--- Dataset Enclosed Below ---
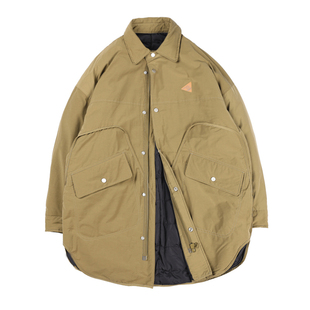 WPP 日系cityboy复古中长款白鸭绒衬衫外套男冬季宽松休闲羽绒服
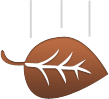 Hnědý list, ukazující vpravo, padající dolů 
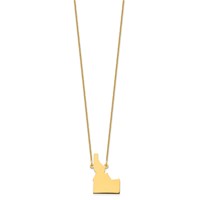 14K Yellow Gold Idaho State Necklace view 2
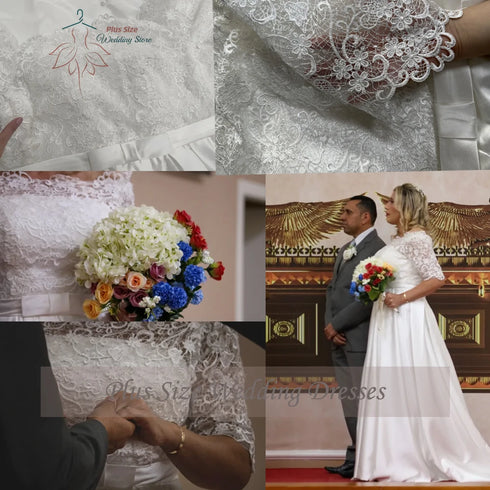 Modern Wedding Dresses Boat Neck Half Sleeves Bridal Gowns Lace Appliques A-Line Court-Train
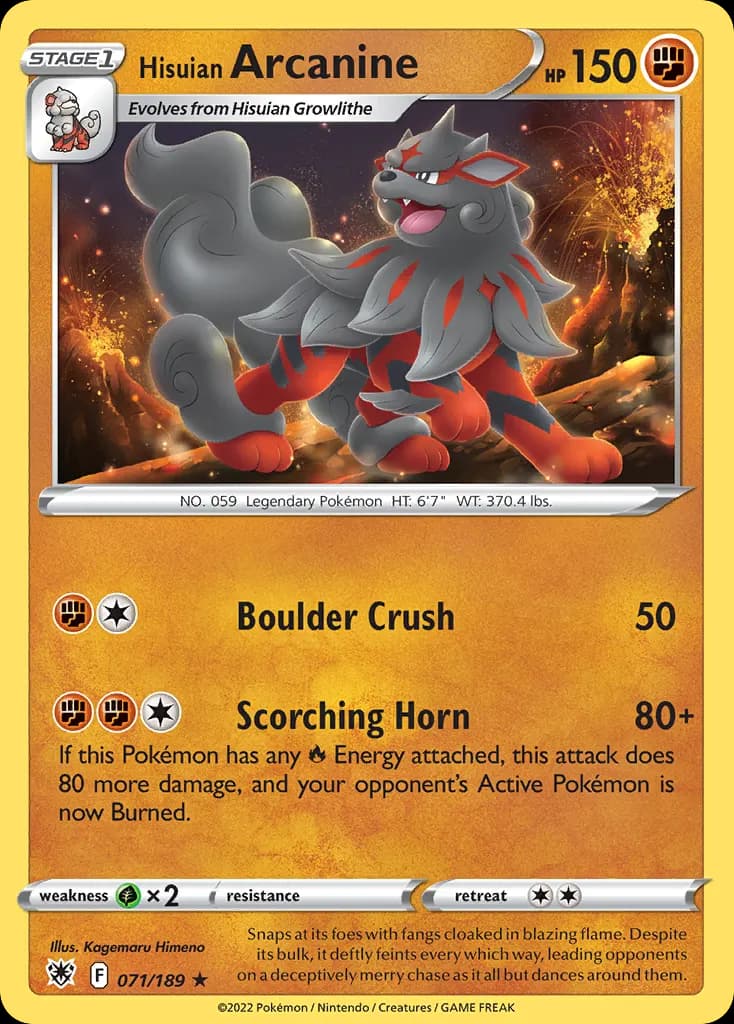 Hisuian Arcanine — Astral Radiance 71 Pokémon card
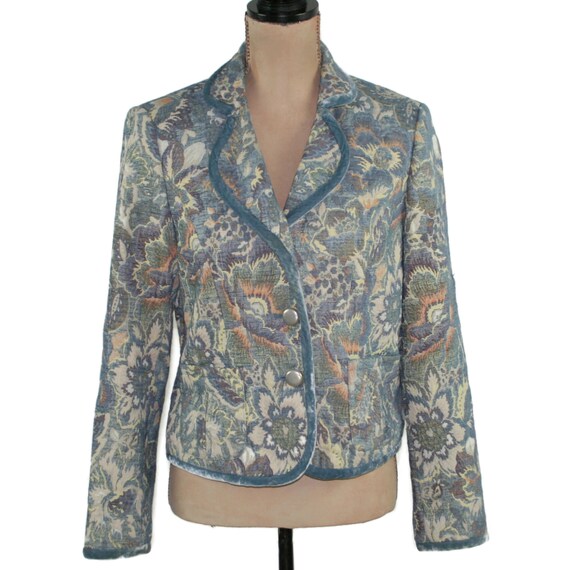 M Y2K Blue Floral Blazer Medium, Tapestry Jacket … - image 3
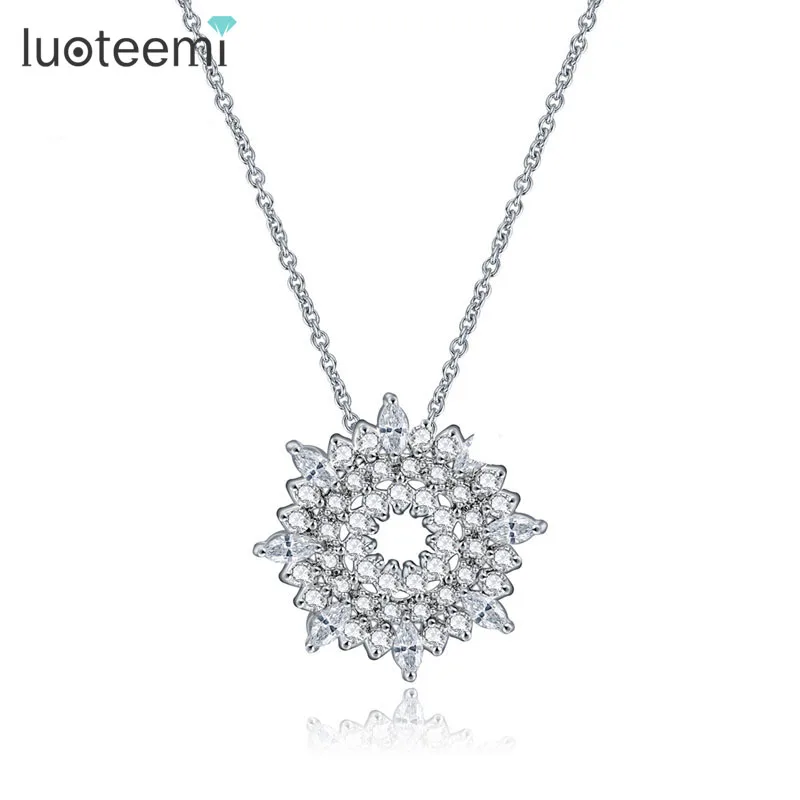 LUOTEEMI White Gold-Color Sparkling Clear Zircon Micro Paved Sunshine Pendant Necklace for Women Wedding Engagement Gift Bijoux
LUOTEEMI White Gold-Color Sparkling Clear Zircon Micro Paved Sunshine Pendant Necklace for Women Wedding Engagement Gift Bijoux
--- End of Enclosed Dataset ---
• What the task asks:
The required output is the listing above reproduced exactly, pictures removed.

• Response to this task:
 WPP 日系cityboy复古中长款白鸭绒衬衫外套男冬季宽松休闲羽绒服
 Hnědý list, ukazující vpravo, padající dolů 
 14K Yellow Gold Idaho State Necklace view 2
 Modern Wedding Dresses Boat Neck Half Sleeves Bridal Gowns Lace Appliques A-Line Court-Train
 Hisuian Arcanine — Astral Radiance 71 Pokémon card
 M Y2K Blue Floral Blazer Medium, Tapestry Jacket … - image 3
 LUOTEEMI White Gold-Color Sparkling Clear Zircon Micro Paved Sunshine Pendant Necklace for Women Wedding Engagement Gift Bijoux
LUOTEEMI White Gold-Color Sparkling Clear Zircon Micro Paved Sunshine Pendant Necklace for Women Wedding Engagement Gift Bijoux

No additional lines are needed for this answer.